[Records contained in a dataset]
* * * * * * * * *
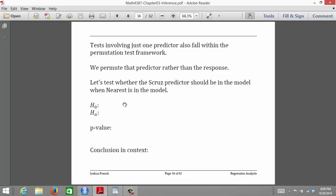We've already done this when we wanted to know whether any of the predictors should be included in our regression model, and in that case we permuted the response variable. However, you can also do a test of a single predictor variable within the permutation test framework. Now, instead of permuting the response, we permute the predictor variable. The idea is that if that predictor has no relationship with the response after accounting for the other predictors in the model, then permuting that particular predictor variable shouldn't make a whole lot of difference in the test statistic.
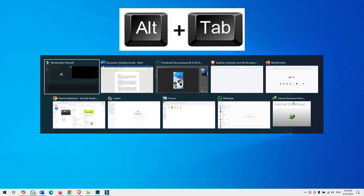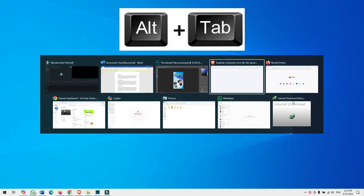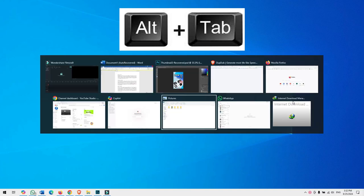So let's talk about it. The Alt+Tab shortcut is used to show all open programs or applications in one screen, and switch between those programs in Windows.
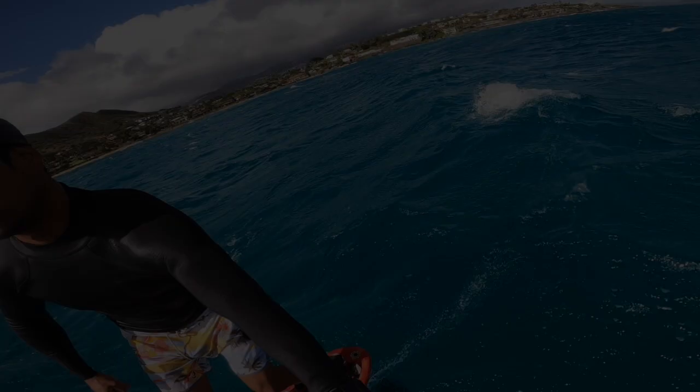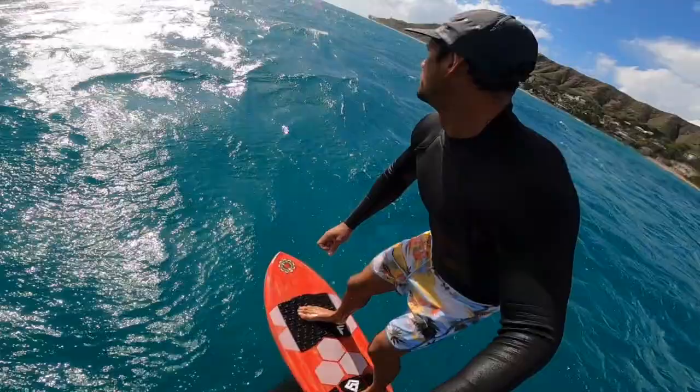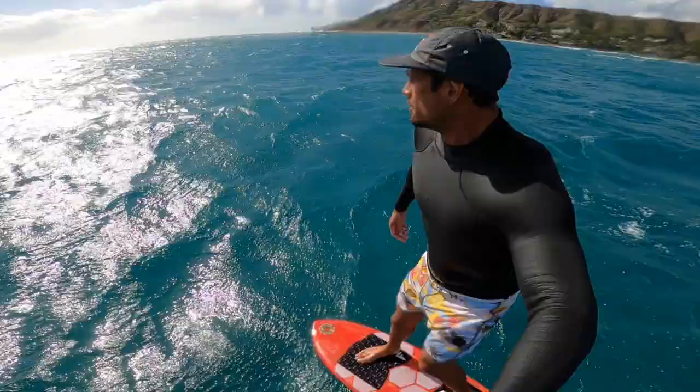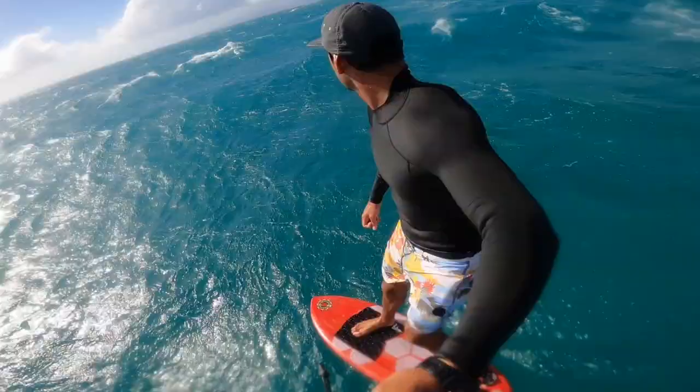Just wanted to share some thoughts and insights on downwind — what to look for, how to approach it, how to read and recognize bumps, and hopefully how to improve your overall approach so you can start linking bumps together and doing some sick runs down the coast.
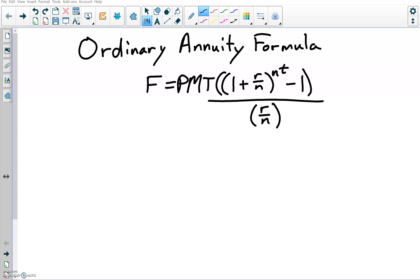The ordinary annuity formula. In this video, I'm going to show how this closed-form formula is derived. The formula itself is F equals PMT times the quantity 1 plus R over N to the N times T power, minus 1, close the parentheses, divided by R over N. This formula will tell you the amount of money that you would have in an account if you make regular payments into it for a certain amount of time.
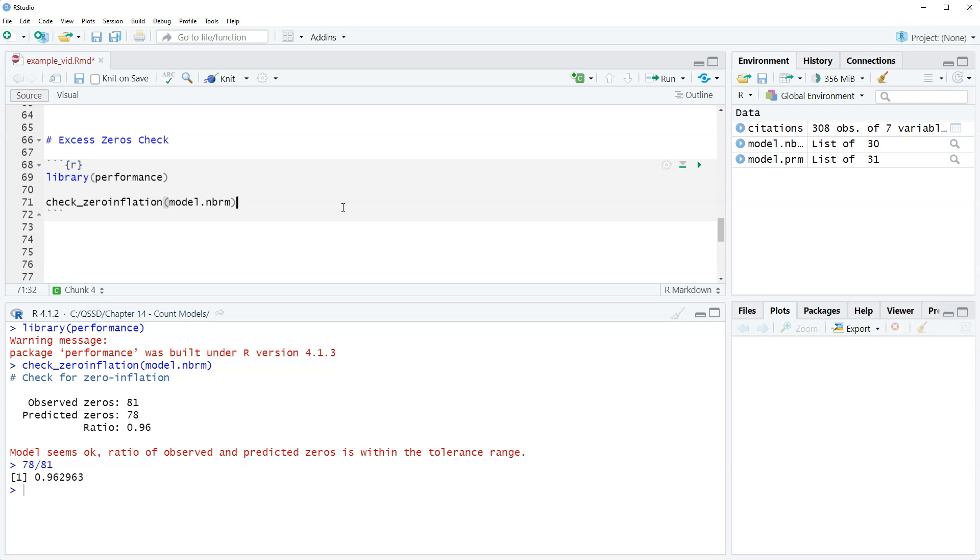If we had a different conclusion then we would want to check out the zero inflated or hurdle models.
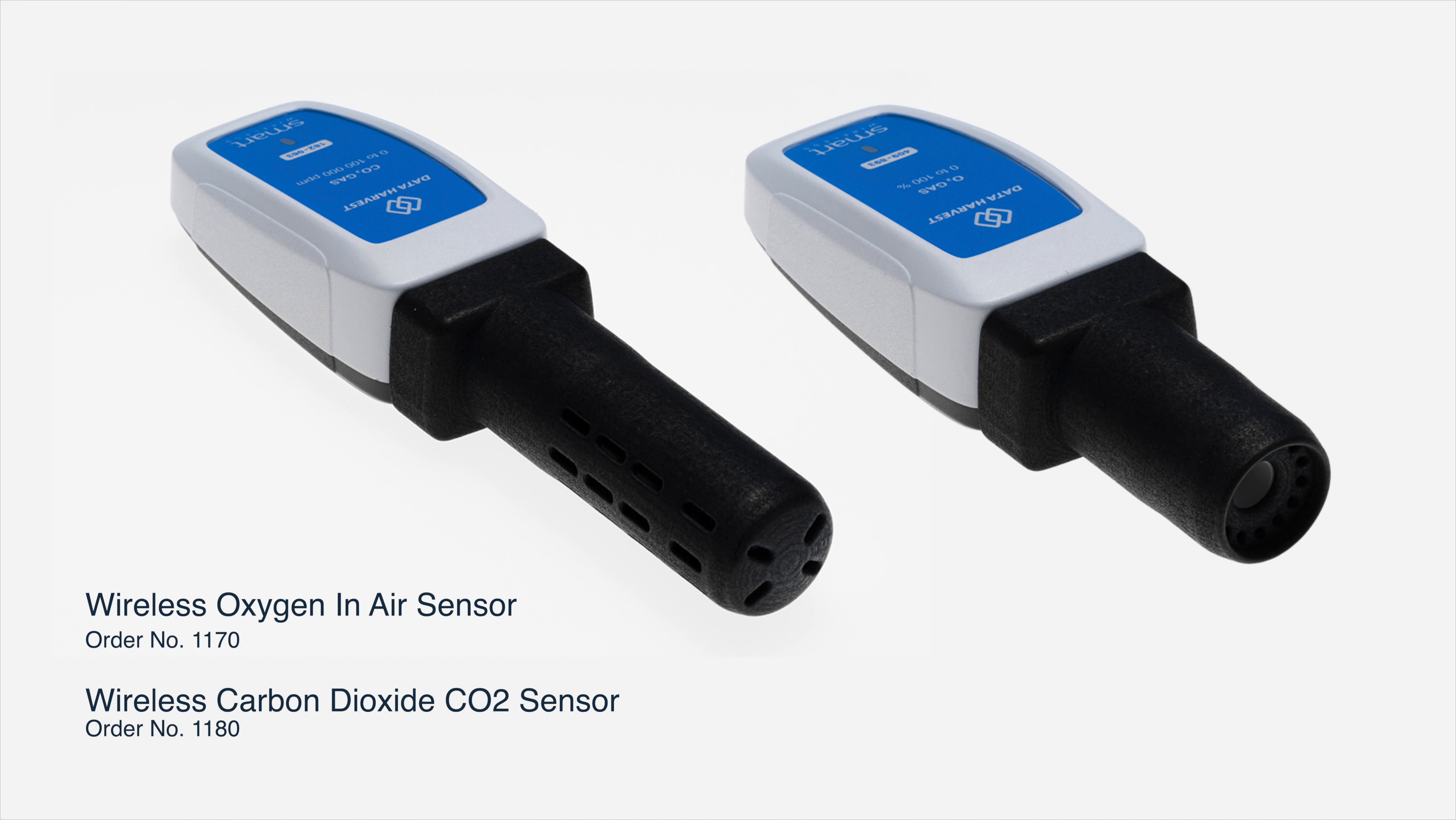Hello, I'm Lee from Data Harvest and today I'm going to show you a breathing into a bag experiment using our new wireless Bluetooth O2 and CO2 sensors.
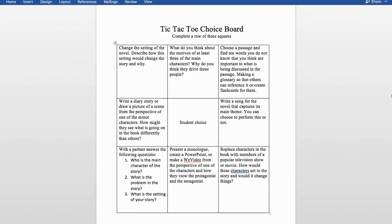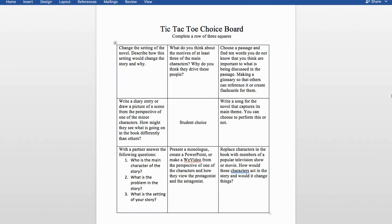What you see here is a tic-tac-toe choice board where kids complete a row of three squares — across, diagonally, or down. If students go through the middle square, they have student choice to totally make up what they'll do. For example: changing the setting of a novel and describing how it would change the story; examining the motives of at least three main characters; or choosing a passage and creating a glossary of ten unfamiliar words.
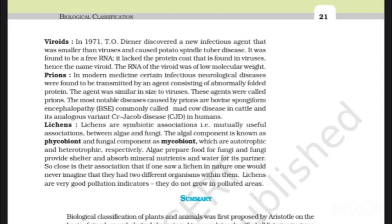Lichens are symbiotic associations — mutually useful associations — between algae and fungi. The algal component is known as phycobiont and the fungal component as mycobiont, which are autotrophic and heterotrophic respectively. Algae prepare food for fungi, and fungi provide shelter and absorb mineral nutrients and water for their partner. So close is their association that if one were to see a lichen in nature, one would never imagine that they had two different organisms within them. Lichens are very good pollution indicators — they do not grow in polluted areas. The chapter is now completed.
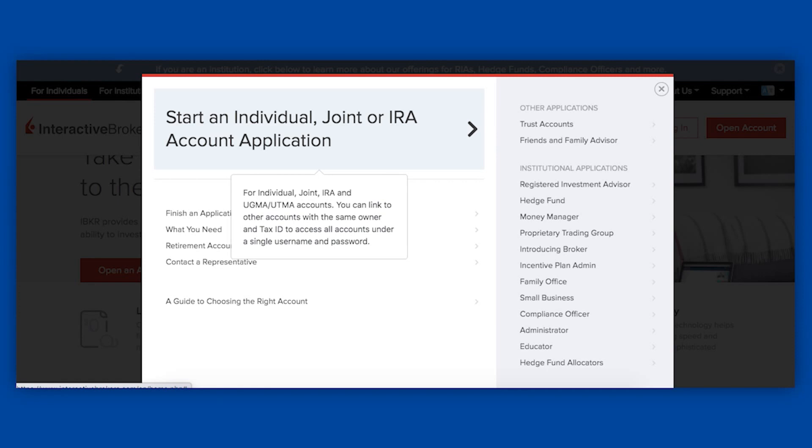You probably want to choose an individual account. I think that's going to be most suitable for most people. Besides that, customer service can answer any other signup questions you have for individual circumstances.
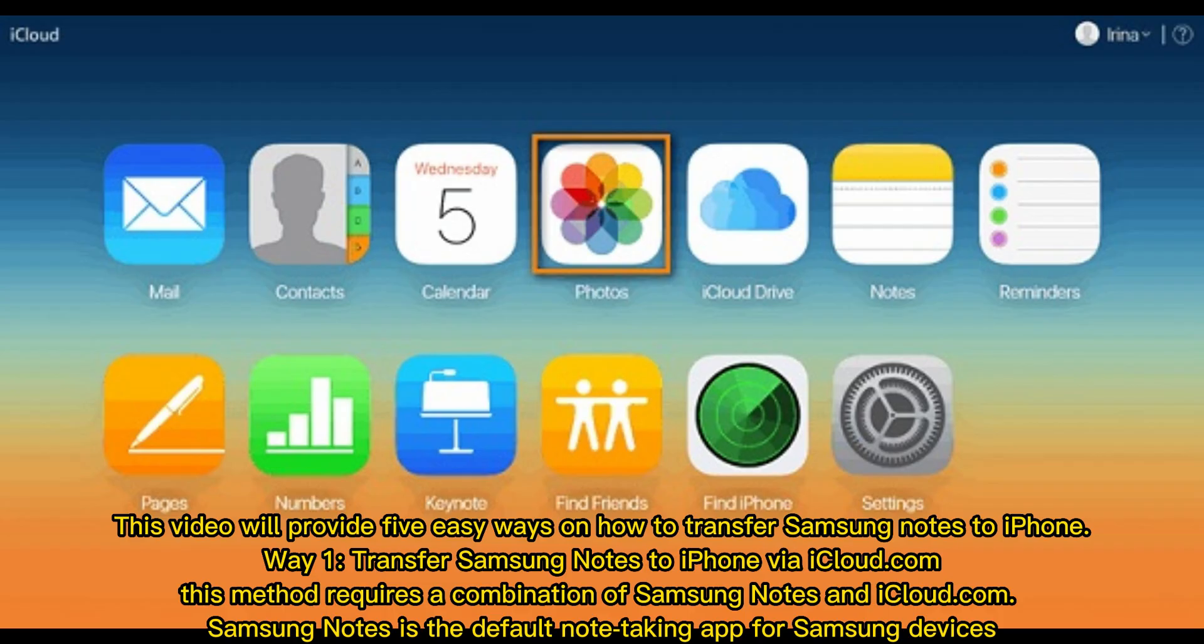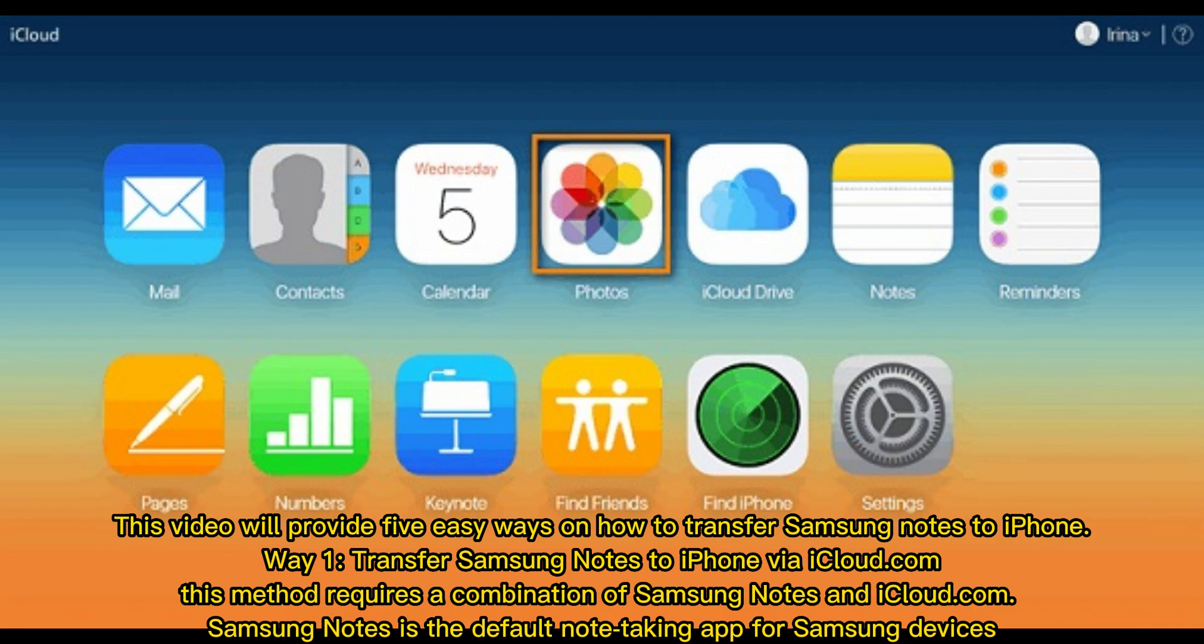This video will provide five easy ways on how to transfer Samsung notes to iPhone. Way 1: Transfer Samsung notes to iPhone via iCloud.com. This method requires a combination of Samsung Notes and iCloud.com. Samsung Notes is the default note-taking app for Samsung devices.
* * * * * * * * *
● **Aim of the task**: Return all of the entries exactly as written, but drop any pictures they hold.

● **Answer box**:
We've already done this when we wanted to know whether any of the predictors should be included in our regression model, and in that case we permuted the response variable. However, you can also do a test of a single predictor variable within the permutation test framework. Now, instead of permuting the response, we permute the predictor variable. The idea is that if that predictor has no relationship with the response after accounting for the other predictors in the model, then permuting that particular predictor variable shouldn't make a whole lot of difference in the test statistic.
So let's talk about it. The Alt+Tab shortcut is used to show all open programs or applications in one screen, and switch between those programs in Windows.
Just wanted to share some thoughts and insights on downwind — what to look for, how to approach it, how to read and recognize bumps, and hopefully how to improve your overall approach so you can start linking bumps together and doing some sick runs down the coast.
The ordinary annuity formula. In this video, I'm going to show how this closed-form formula is derived. The formula itself is F equals PMT times the quantity 1 plus R over N to the N times T power, minus 1, close the parentheses, divided by R over N. This formula will tell you the amount of money that you would have in an account if you make regular payments into it for a certain amount of time.
If we had a different conclusion then we would want to check out the zero inflated or hurdle models.
Hello, I'm Lee from Data Harvest and today I'm going to show you a breathing into a bag experiment using our new wireless Bluetooth O2 and CO2 sensors.
What you see here is a tic-tac-toe choice board where kids complete a row of three squares — across, diagonally, or down. If students go through the middle square, they have student choice to totally make up what they'll do. For example: changing the setting of a novel and describing how it would change the story; examining the motives of at least three main characters; or choosing a passage and creating a glossary of ten unfamiliar words.
Lichens are symbiotic associations — mutually useful associations — between algae and fungi. The algal component is known as phycobiont and the fungal component as mycobiont, which are autotrophic and heterotrophic respectively. Algae prepare food for fungi, and fungi provide shelter and absorb mineral nutrients and water for their partner. So close is their association that if one were to see a lichen in nature, one would never imagine that they had two different organisms within them. Lichens are very good pollution indicators — they do not grow in polluted areas. The chapter is now completed.
You probably want to choose an individual account. I think that's going to be most suitable for most people. Besides that, customer service can answer any other signup questions you have for individual circumstances.
This video will provide five easy ways on how to transfer Samsung notes to iPhone. Way 1: Transfer Samsung notes to iPhone via iCloud.com. This method requires a combination of Samsung Notes and iCloud.com. Samsung Notes is the default note-taking app for Samsung devices.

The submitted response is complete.